Data shown
##########

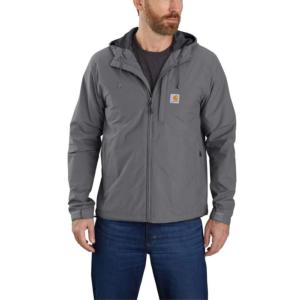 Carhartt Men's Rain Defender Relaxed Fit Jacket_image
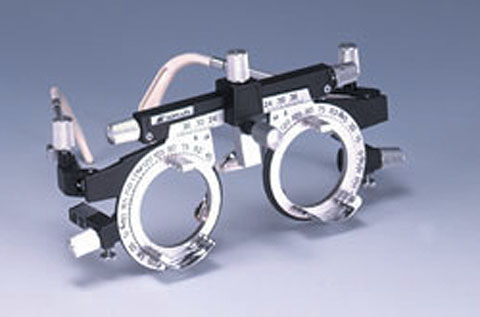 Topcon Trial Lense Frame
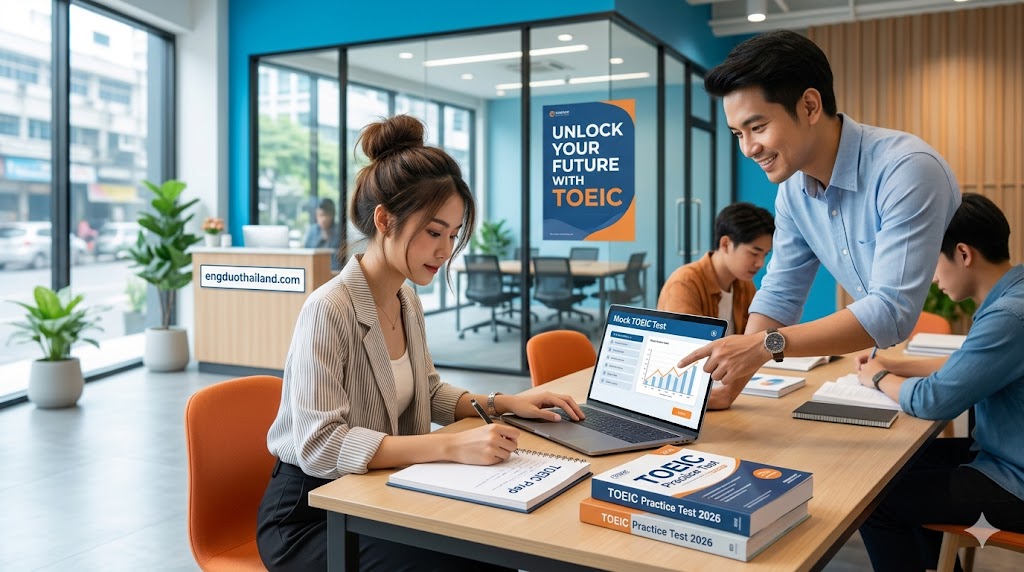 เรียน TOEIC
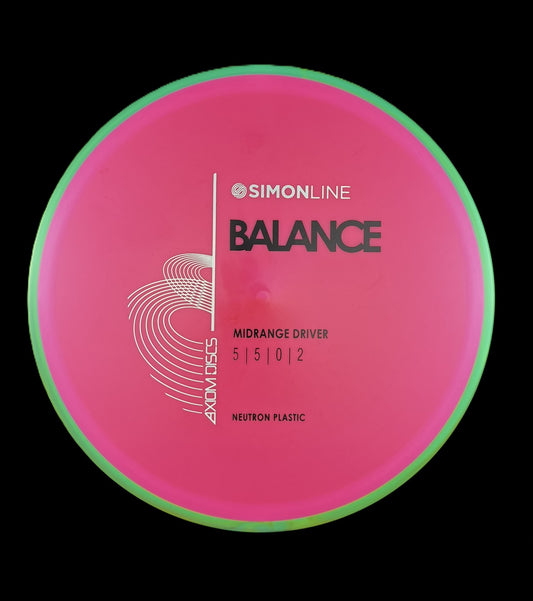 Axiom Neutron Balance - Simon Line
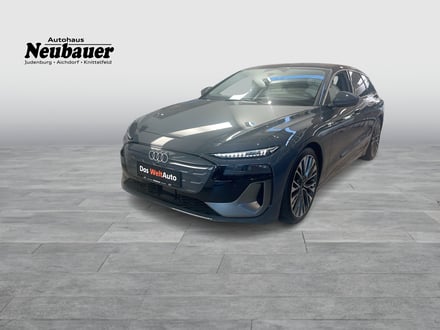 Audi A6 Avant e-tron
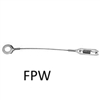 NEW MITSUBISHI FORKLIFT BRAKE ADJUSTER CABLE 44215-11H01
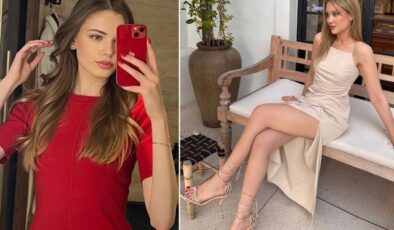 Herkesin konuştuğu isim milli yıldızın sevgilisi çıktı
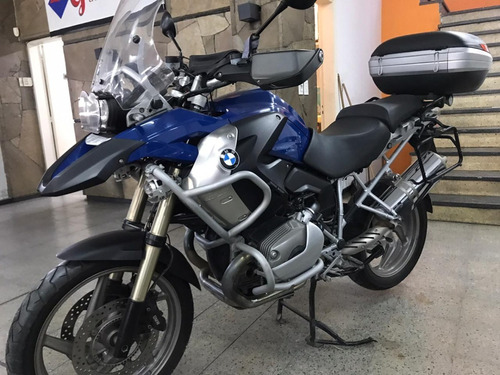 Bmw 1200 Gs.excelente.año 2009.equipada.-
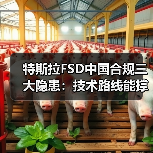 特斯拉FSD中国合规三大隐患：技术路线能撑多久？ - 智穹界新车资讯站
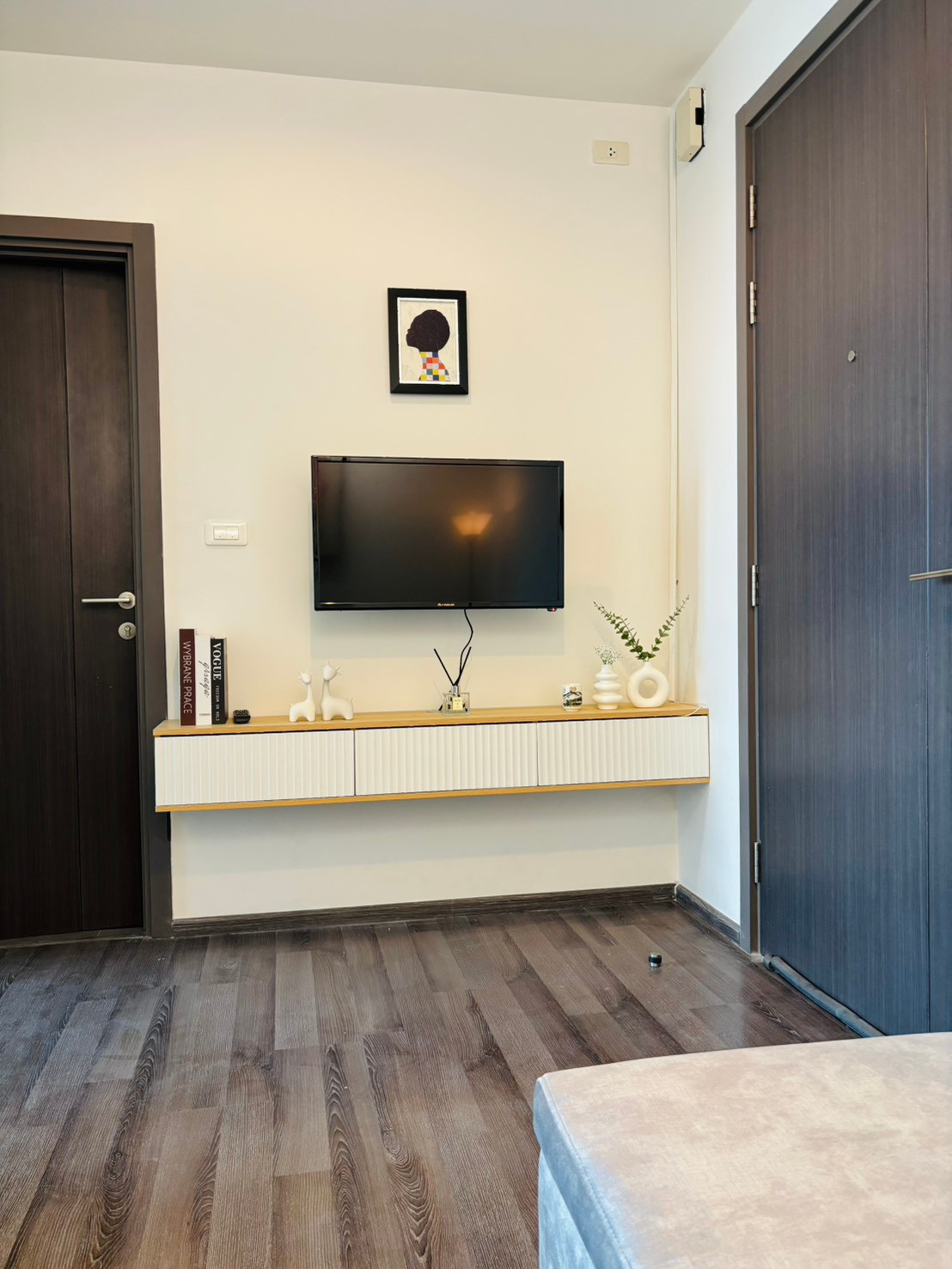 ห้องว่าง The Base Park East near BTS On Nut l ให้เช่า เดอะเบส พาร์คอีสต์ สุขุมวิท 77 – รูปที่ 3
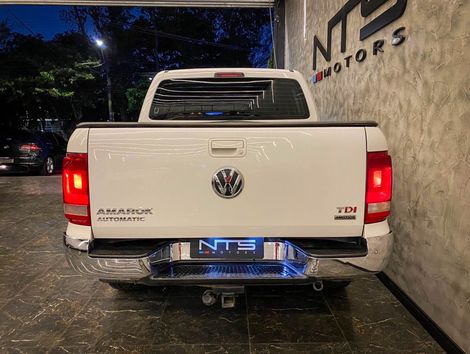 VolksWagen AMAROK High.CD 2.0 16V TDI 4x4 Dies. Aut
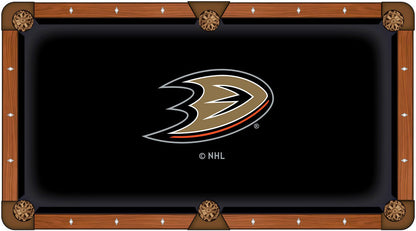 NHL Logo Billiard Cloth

##########

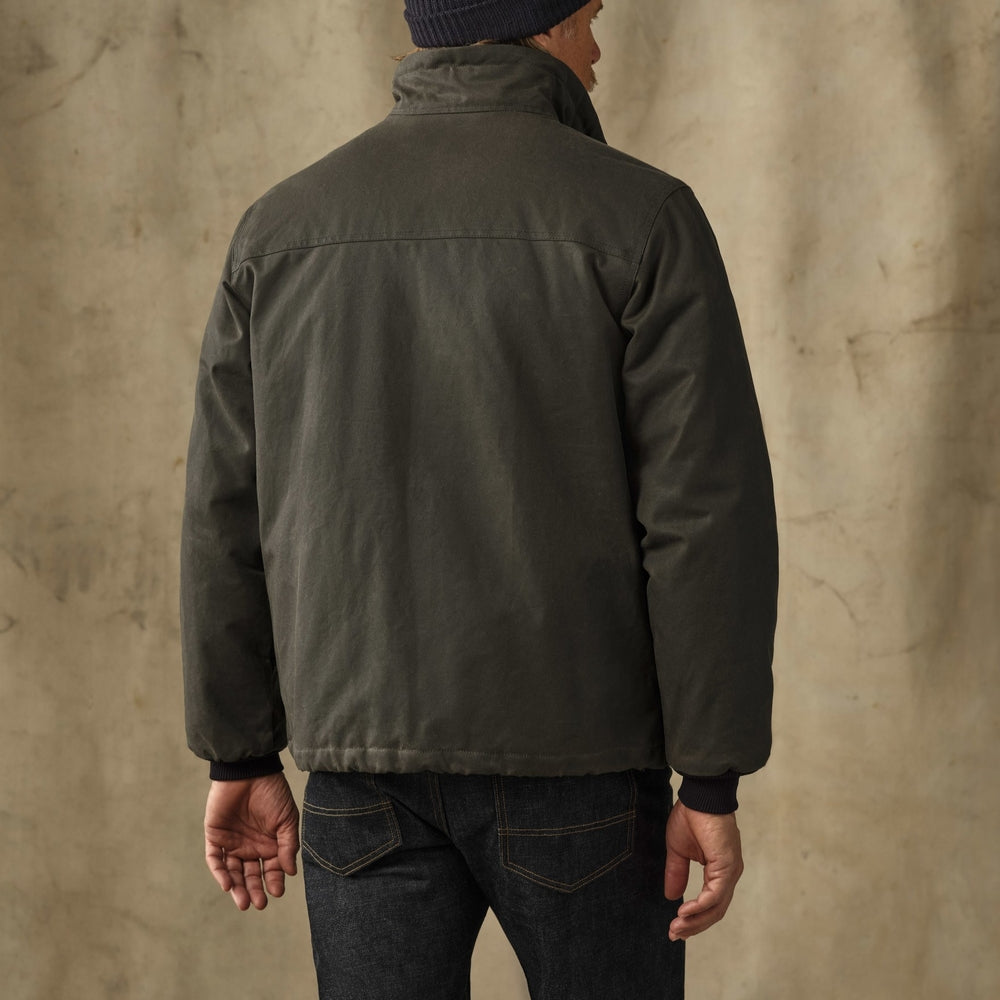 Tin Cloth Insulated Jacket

##########

Work instructions
In the material above, which lines fall between the one holding "Axiom Neutron Balance - Simon Line" and the one holding "NHL Logo Billiard Cloth", inclusive? Print exactly those, with the pictures left out.

Answer
 Axiom Neutron Balance - Simon Line
 Audi A6 Avant e-tron
 NEW MITSUBISHI FORKLIFT BRAKE ADJUSTER CABLE 44215-11H01
 Herkesin konuştuğu isim milli yıldızın sevgilisi çıktı
 Bmw 1200 Gs.excelente.año 2009.equipada.-
 特斯拉FSD中国合规三大隐患：技术路线能撑多久？ - 智穹界新车资讯站
 ห้องว่าง The Base Park East near BTS On Nut l ให้เช่า เดอะเบส พาร์คอีสต์ สุขุมวิท 77 – รูปที่ 3
 VolksWagen AMAROK High.CD 2.0 16V TDI 4x4 Dies. Aut
 NHL Logo Billiard Cloth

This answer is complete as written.